6. Observe and Report (2009)
Rogen stretches his persona in this under-appreciated gem. He plays a bipolar mall security officer with delusions of grandeur. It’s a great dark comedy with smarts and some big laughs.
5. The 40-Year-Old Virgin (2005)
This was Rogen’s comedic break-out. I haven’t watched it in years but now want to revisit it. Rogen plays one of Steve Carell’s co-workers and grabbed attention with his pop culture improvisations:
4. Knocked Up (2007)
And this was Rogen’s dramatic and leading man break-out, proving that he could more than carry a move on his own.
Knocked Up and 40-Year-Old-Virgin anointed a new genre, the stealth conservative comedy. The formula: Wrap the Pro-marriage and pro-monogamy sheep in the wolfskin of expletive-filled pop culture rants. It works.
3. This Is the End (2013)
Rogen made his directing debut with his friend and writing partner Evan Goldberg here. He and others play fictionalized versions of themselves scrambling to avoid hell and make it to heaven after the apocalypse. (Apparently Hollywood celebrities aren’t as virtuous as they thought. The rapture skips over them.)
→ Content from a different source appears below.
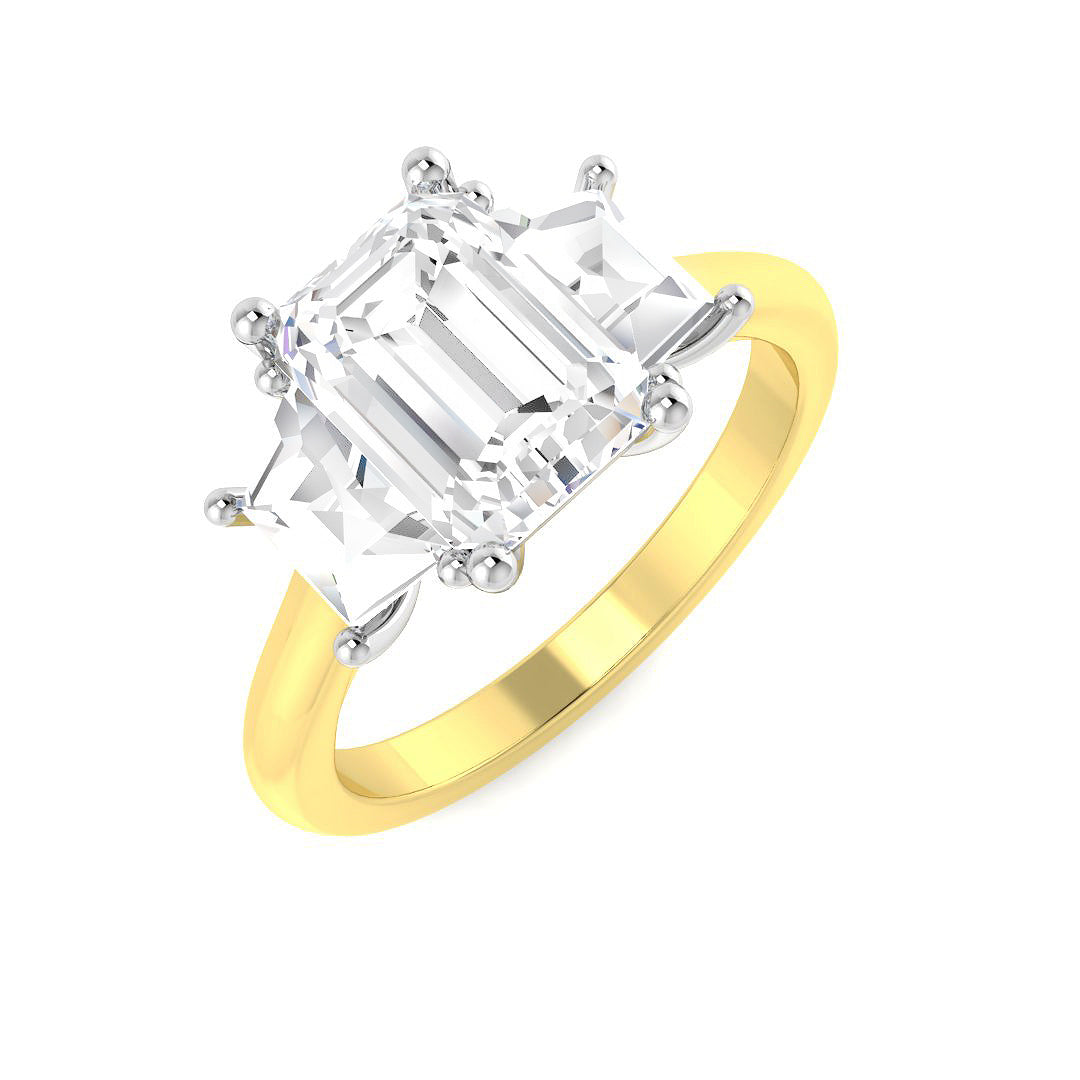 Three Stone Lab-Grown Diamond Ring 2.91ct–3.28ct – SR4518 – 18k Two Tone Gold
Among the bizarre things: the movie essentially accepts and presents a fairly literal Biblical apocalypse–respectfully.
Because of this film’s competence and success I have confidence The Interview will also be wonderful.
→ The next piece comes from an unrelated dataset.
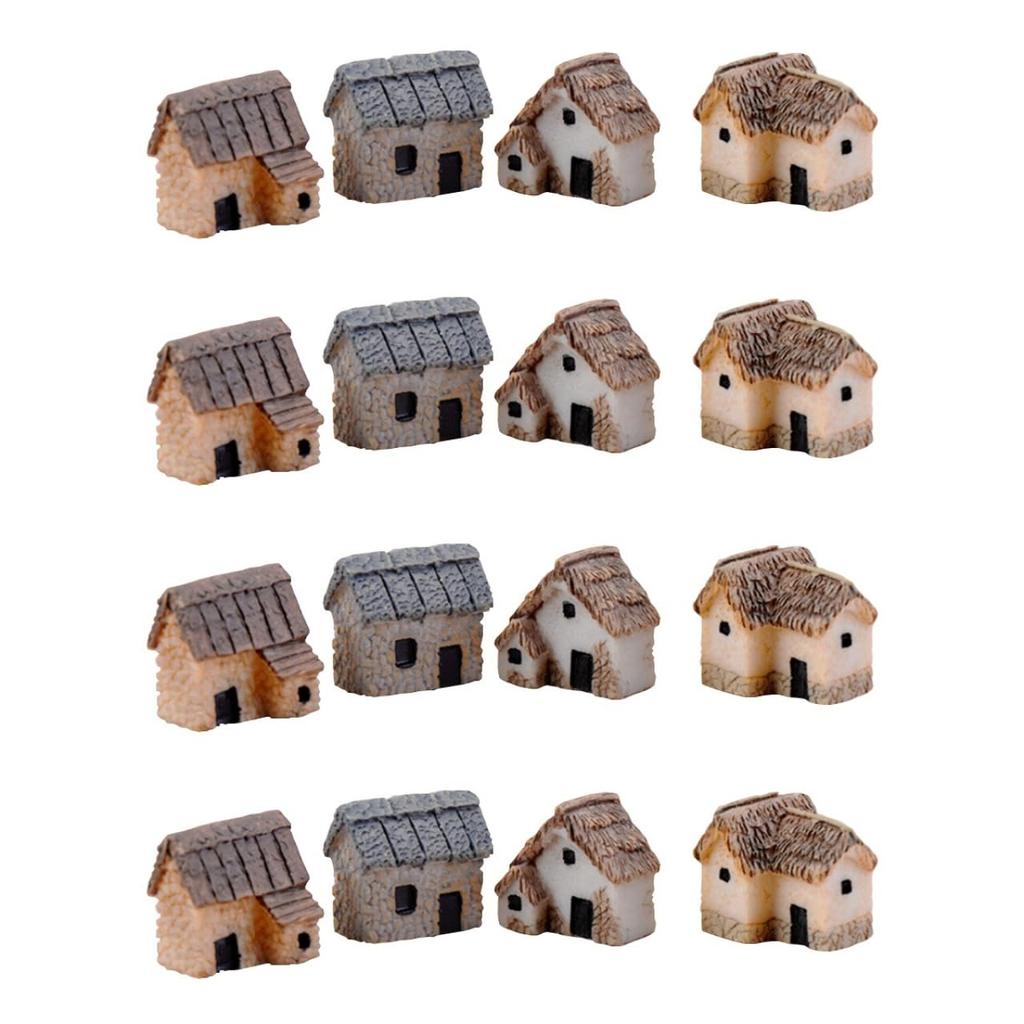 KITANDOVE 16 Pieces Micro Garden Miniature Ornaments, Miniature Village Houses, Micro Landscape, Fairy Garden Accessories, Terrarium Figurines,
2. Pineapple Express (2008)
Rogen and James Franco starred in the first and best “stoner action movie” ever. Die Hard crossed with Cheech and Chong. It’s tremendously entertaining and one of funniest films of the last decade. (Note to self: do list post later of the funniest films of the last decade…)
1. Superbad (2007)
Superbad was Rogen and Goldberg’s writing breakout. The story of two teenager friends pursuing drunken hook-ups before college is filled with numerous laughs, memorable characters, and a moral center. In many ways it embodies a successful formula that Rogen has just continued to develop with larger budgets and more sophistication.
What do you think? Am I all that far out in arguing that the best comedies are those that can aim high and low at the same time? Rogen is carrying on the Apatow tradition: lewd humor and outlandish premises obscure and take the edge off of traditionalist, moral messages? Works for me. If not this then what? Who’s a better comedic talent under 40 — both acting and writing/directing — than Rogen?